__Dataset content__.
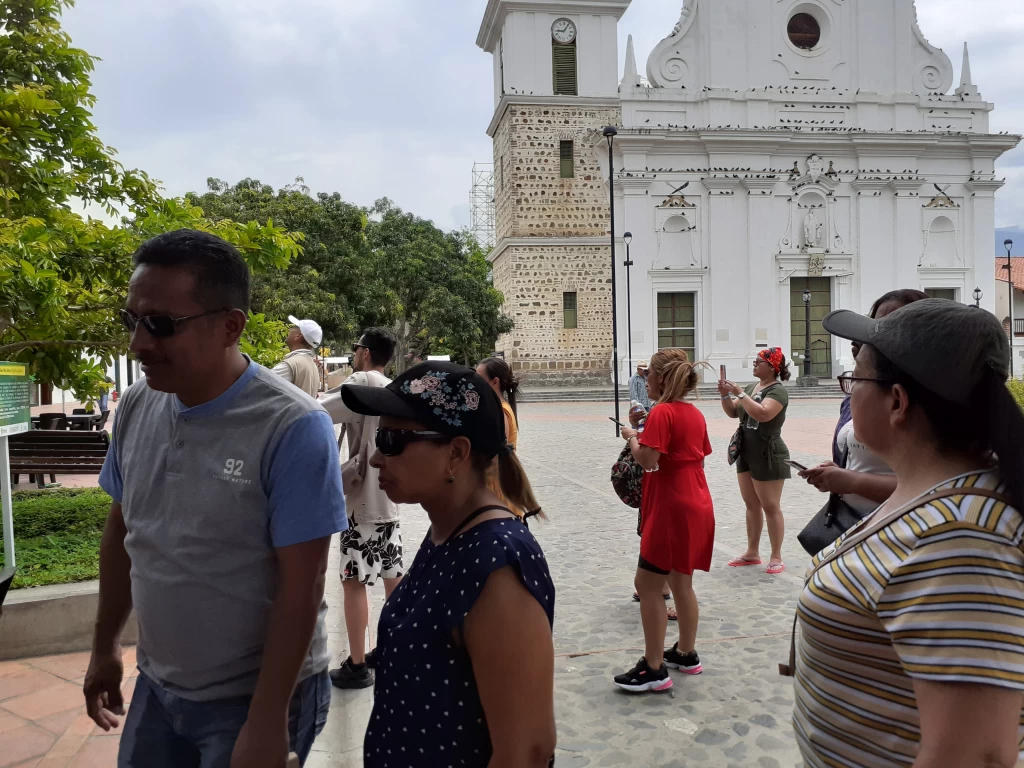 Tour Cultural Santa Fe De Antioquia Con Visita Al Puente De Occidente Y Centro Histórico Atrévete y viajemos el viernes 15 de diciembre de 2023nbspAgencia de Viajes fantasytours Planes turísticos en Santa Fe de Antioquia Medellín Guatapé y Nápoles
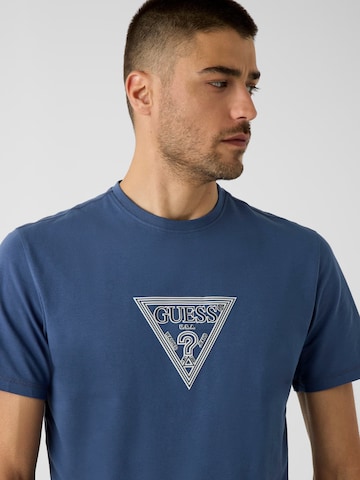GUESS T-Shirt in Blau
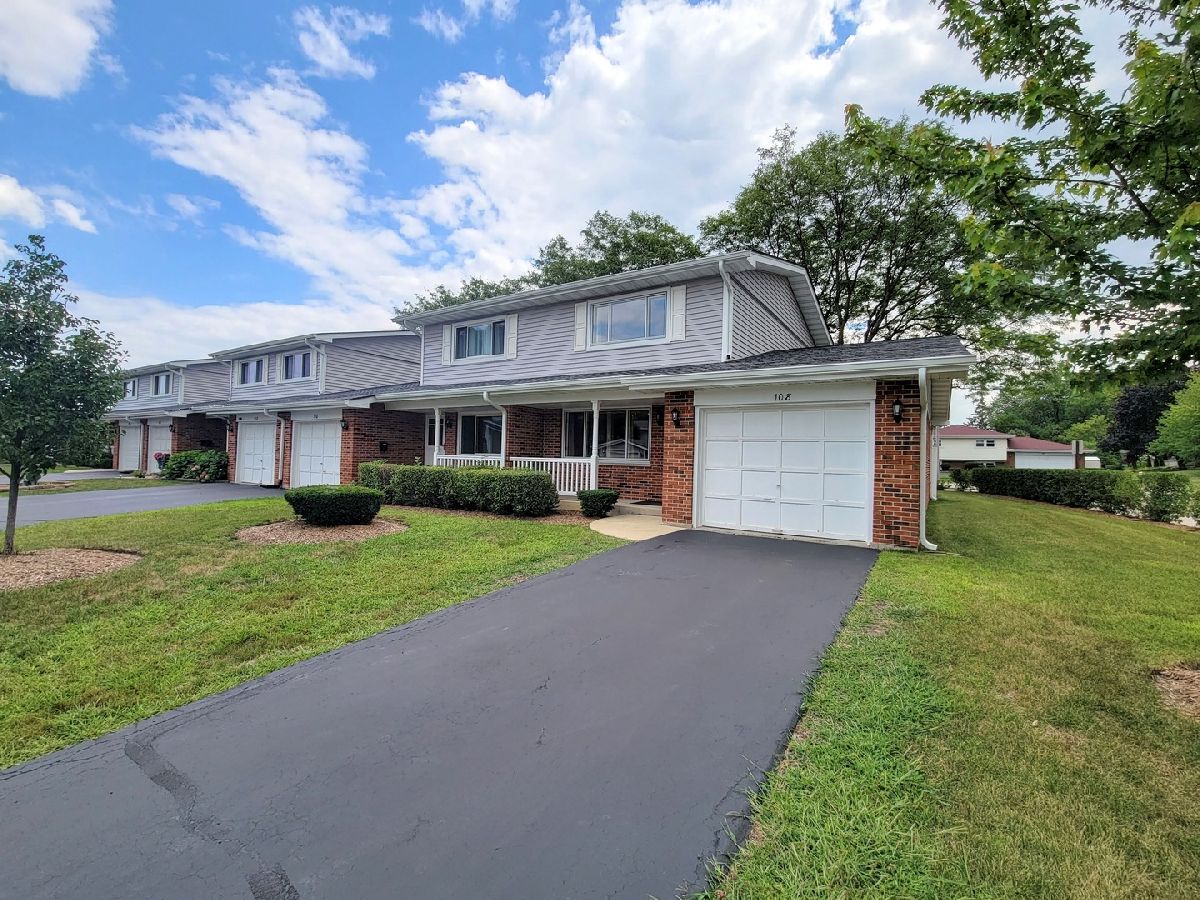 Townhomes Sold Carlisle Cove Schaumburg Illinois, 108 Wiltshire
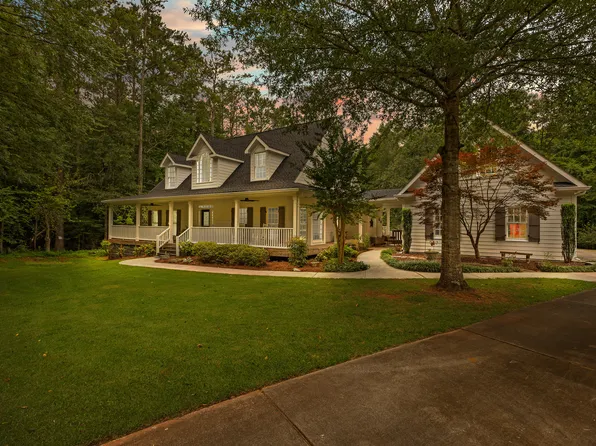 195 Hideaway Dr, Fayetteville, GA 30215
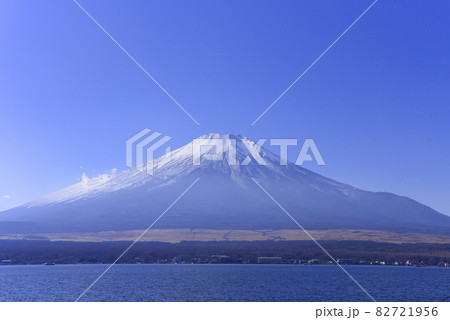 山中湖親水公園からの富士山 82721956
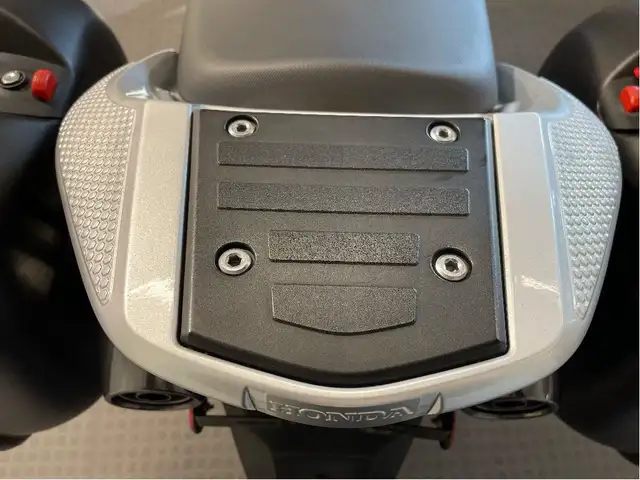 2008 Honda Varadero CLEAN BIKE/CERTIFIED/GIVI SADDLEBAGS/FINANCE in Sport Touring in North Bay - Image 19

__Problem statement__.
Without the pictures, copy out each entry exactly as it stands.

__Solution to this task__.
 Tour Cultural Santa Fe De Antioquia Con Visita Al Puente De Occidente Y Centro Histórico Atrévete y viajemos el viernes 15 de diciembre de 2023nbspAgencia de Viajes fantasytours Planes turísticos en Santa Fe de Antioquia Medellín Guatapé y Nápoles
GUESS T-Shirt in Blau
 Townhomes Sold Carlisle Cove Schaumburg Illinois, 108 Wiltshire
 195 Hideaway Dr, Fayetteville, GA 30215
 山中湖親水公園からの富士山 82721956
 2008 Honda Varadero CLEAN BIKE/CERTIFIED/GIVI SADDLEBAGS/FINANCE in Sport Touring in North Bay - Image 19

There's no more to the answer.